Stored entries:
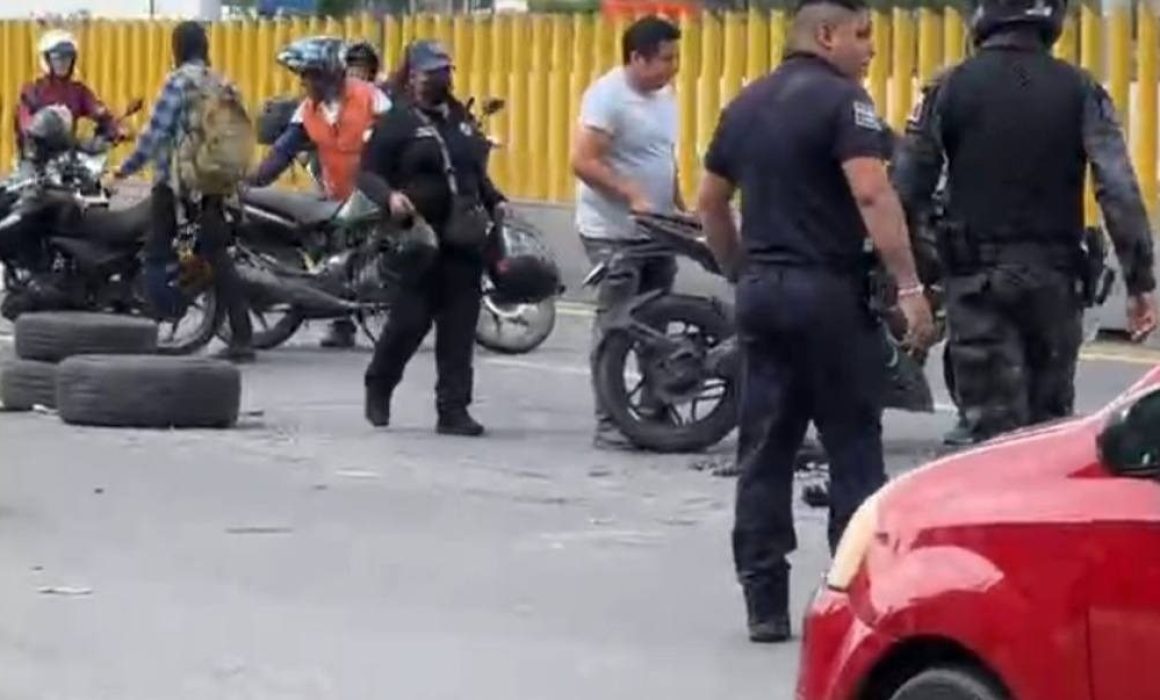Choque en autopista México–Puebla deja dos lesionados en Valle de Chalco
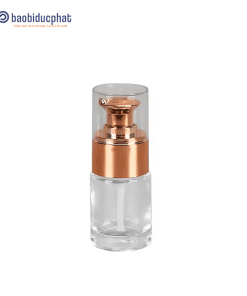 Chai thủy tinh kem nền dạng lỏng 15ml 30ml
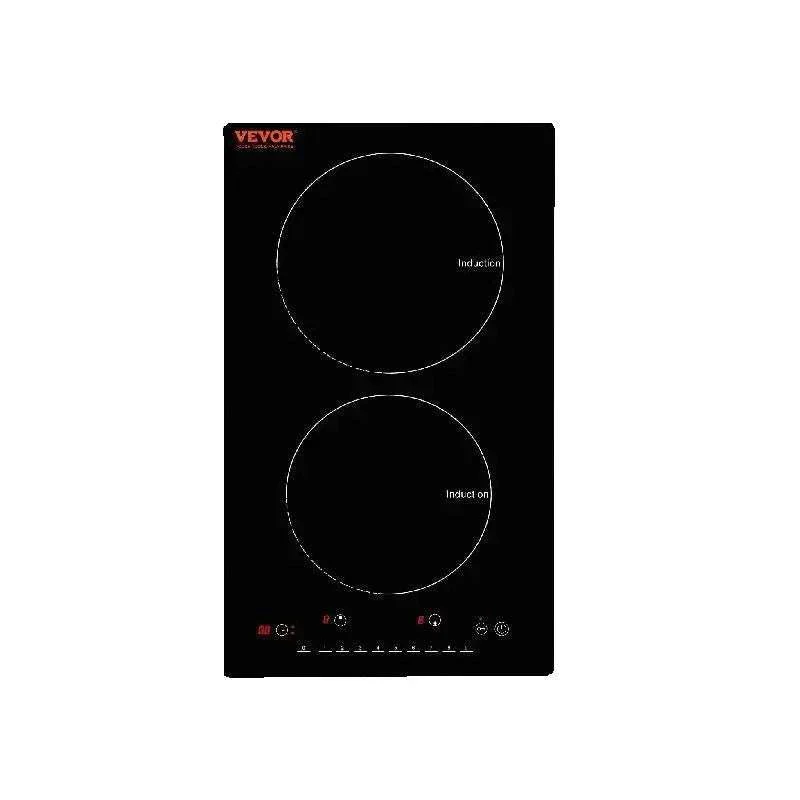 2 Burner Induction Cooktop with Touch Control and Safety Features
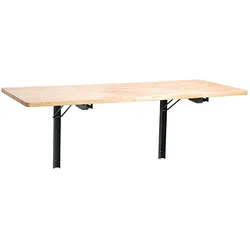 Klapptisch für Wand, Buchenleimholz, 1200 x 580 mm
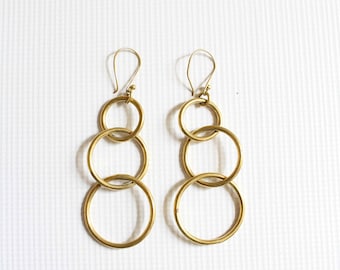 Gold earrings,African earrings,Brass earrings,Gifts for her,Gypsy earrings,Bohemian earrings,Boho earrings,Statement earrings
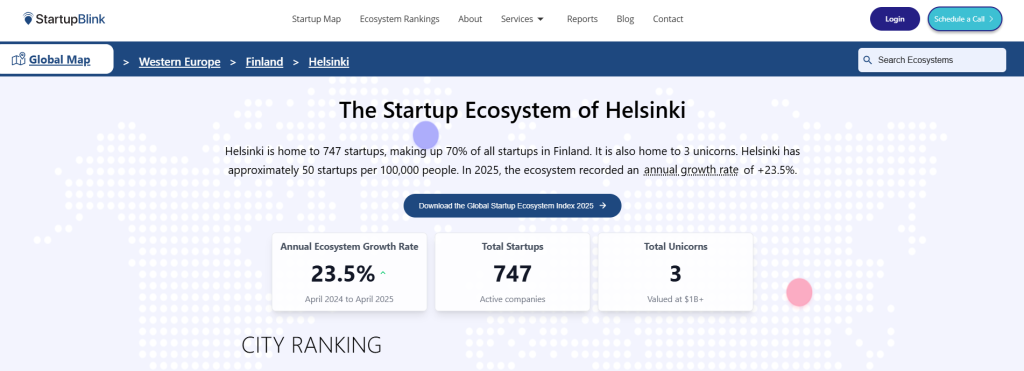 (Business Helsinki) - Helsinki Startup Hub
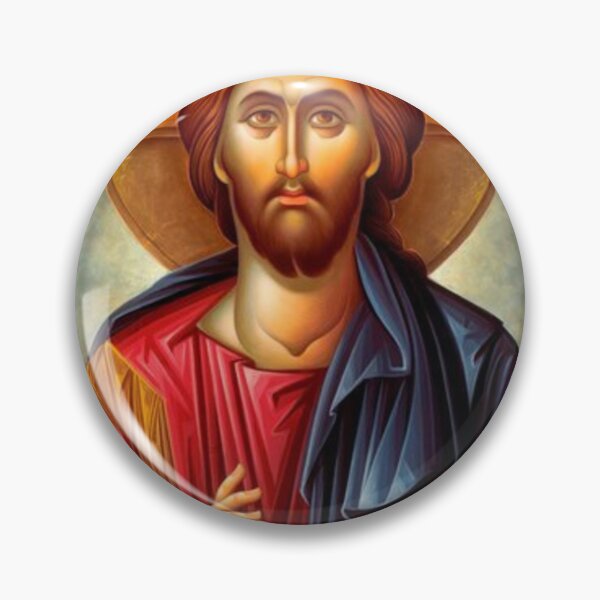 Item preview, ic xc nika icon Jesus Christ the pentocrator orthdox designed and sold by AndreaFanou.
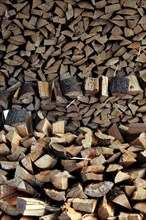 Firewood, logs, split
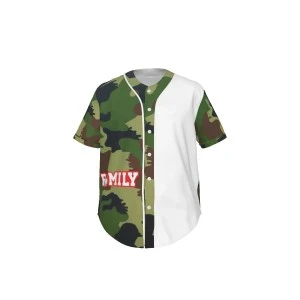 RAMILY (CAMO)- WSSU-INSPIRED BASEBALL SHIRT -  (ARMY White)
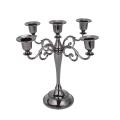 5-candle Metal Candelabra Tall Candle Holder (black)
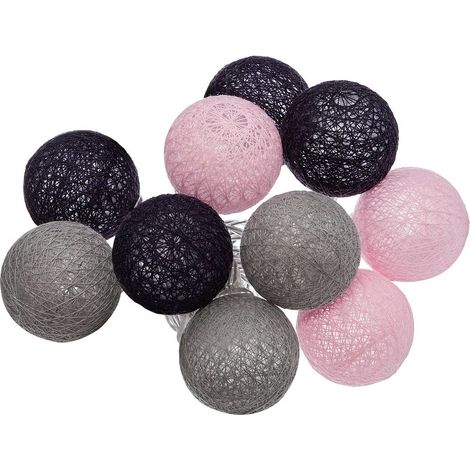 Guirnalda de leds 10 bolas Pinky D6 - Atmosphera créateur d'intérieur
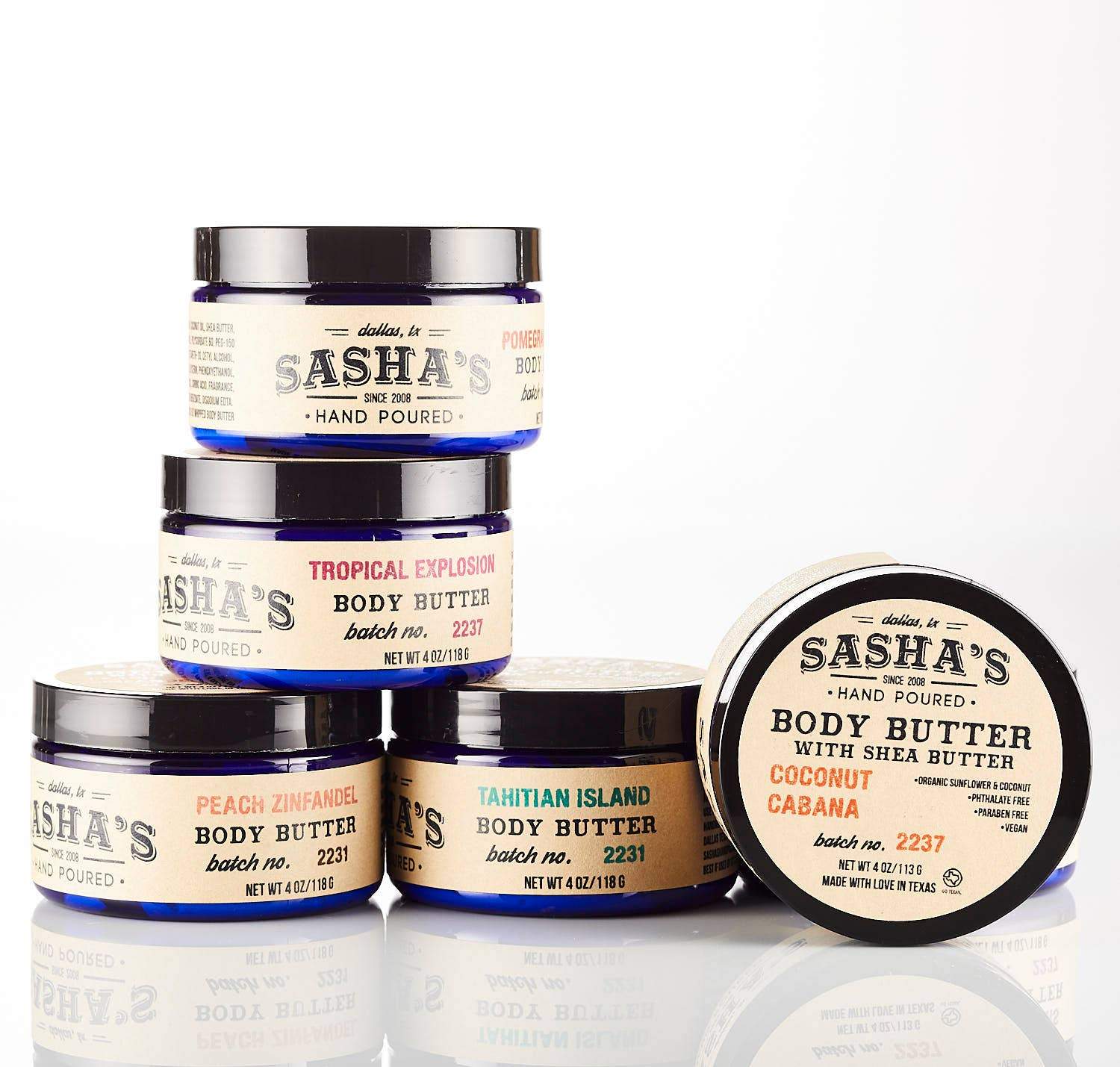 Sasha's Hand Poured Bath and Body - Body Butter 4 oz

▸ **WHAT IS NEEDED**:
Hand back the data above exactly, leaving out all pictures.

▸ **OUTPUT FOR THIS TASK**:
Choque en autopista México–Puebla deja dos lesionados en Valle de Chalco
 Chai thủy tinh kem nền dạng lỏng 15ml 30ml
 2 Burner Induction Cooktop with Touch Control and Safety Features
 Klapptisch für Wand, Buchenleimholz, 1200 x 580 mm
 Gold earrings,African earrings,Brass earrings,Gifts for her,Gypsy earrings,Bohemian earrings,Boho earrings,Statement earrings
 (Business Helsinki) - Helsinki Startup Hub
 Item preview, ic xc nika icon Jesus Christ the pentocrator orthdox designed and sold by AndreaFanou.
 Firewood, logs, split
 RAMILY (CAMO)- WSSU-INSPIRED BASEBALL SHIRT -  (ARMY White)
 5-candle Metal Candelabra Tall Candle Holder (black)
 Guirnalda de leds 10 bolas Pinky D6 - Atmosphera créateur d'intérieur
 Sasha's Hand Poured Bath and Body - Body Butter 4 oz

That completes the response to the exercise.